肌を見た瞬間、頬が更に熱くなって、ドキドキがどんどん激しくなっていく。

「…れつくん…ここも、ここも、れつくんのおっぱいほしーの…」

「なっ…今のキた。ココちゃん、俺、おっぱい出ないよ?」

「んっ、のむの…!」

「あー…こらこらこら。わかったから」

目の前の引き締まった胸板に手を伸ばそうとしたら、手を握られて抱き寄せられた。

「ほら、どーぞ」

「ん…♡んぐっ…んぐっ…んぐっ」

浴室にちゅっちゅっ…という小さな音が響く。

「おー…ホントに吸ってる。まあ、可愛いからいっか。よしよし」

「んむっ♡」

私は頭をよしよしと撫でられて超ご機嫌だった。
美味しい…何も出ないけど美味しいの。
心がぽかぽかする…幸せ…♡

「あーあ、凄い生殺し…」





レツ君は私が満足するまで止める気配はなく、結局のぼせるまでちゅうちゅうしていた。
意識がぼーっとして、くらくらしてくると、異変に素早く気づいたレツ君に抱っこされてお風呂を上がっていた。

「…えろ」

ふわふわとした意識の中…体を拭いて、髪を魔法スキルで乾かし、下着とパジャマを着せてくれたのがわかった。

すぐにベッドまで運んでくれて、口移しでお水を飲ませてくれたの。
おくち、おいちぃ…♡

「ん…んっ…♡じゅっ、ぢゅっ…♡」

「っ…すっごい舌に吸い付いてくる…やば…」

「れちゅくん…おくち、もっとぉ…♡」

「あーはいはい。…こっちの気も知らないで」

あんまり良く覚えてないけど、お口でいっぱいお水飲ませてくれて嬉しかったなぁ。

今度はだんだん眠くなってきて、うとうとしていると、レツ君が横に寝転んで抱き締めてくれた。

「ん…おやちゅみ…すぅ…すぅ…」

「うん、おやすみ。
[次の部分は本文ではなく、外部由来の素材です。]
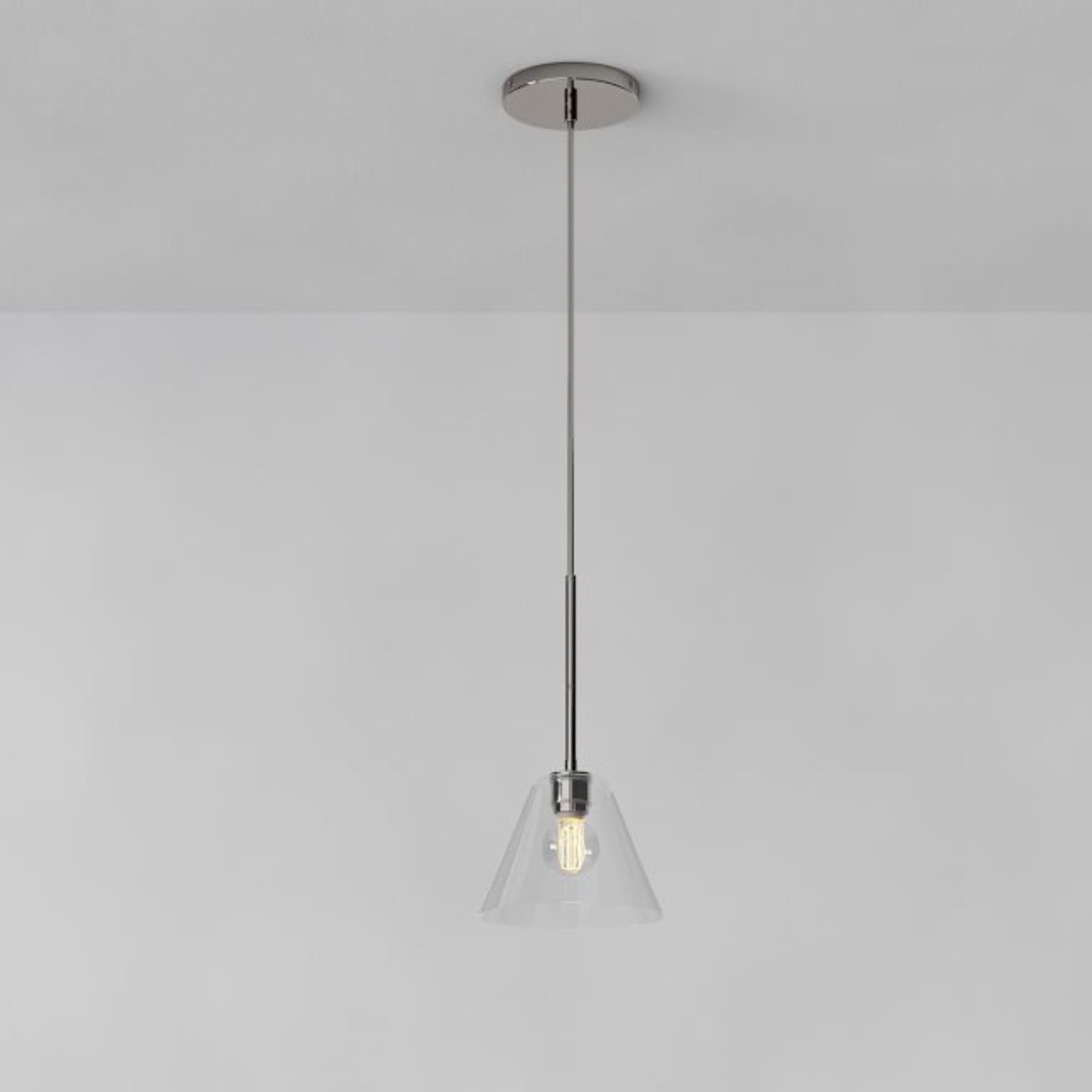 Conica Clean Line Glass Cone Pendant Fixture - Modern Bar Counter T104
ココちゃんーーーーーーはぁ…ちんこつらっ」

久しぶりに温もりに包まれながら眠り…とっても良い夢を見た気がする。


***


翌日…レツ君とギルドに行くと、冒険者のお姉さんたちに『どうやって“難攻不落のレツ”を落としたのっ!?』とか『どんな美女や権力者が口説いても塩対応だったのに…!』とか…凄い勢いで驚かれた。

意味がわからず固まっていると、レツ君に手を引かれた。

「ココちゃん、専属契約書にサインしに行こ。あ、ちなみに永久契約だからね」

「え、う、『えええええっ』

私の返事は、周りの驚きの声に潰されたのだった。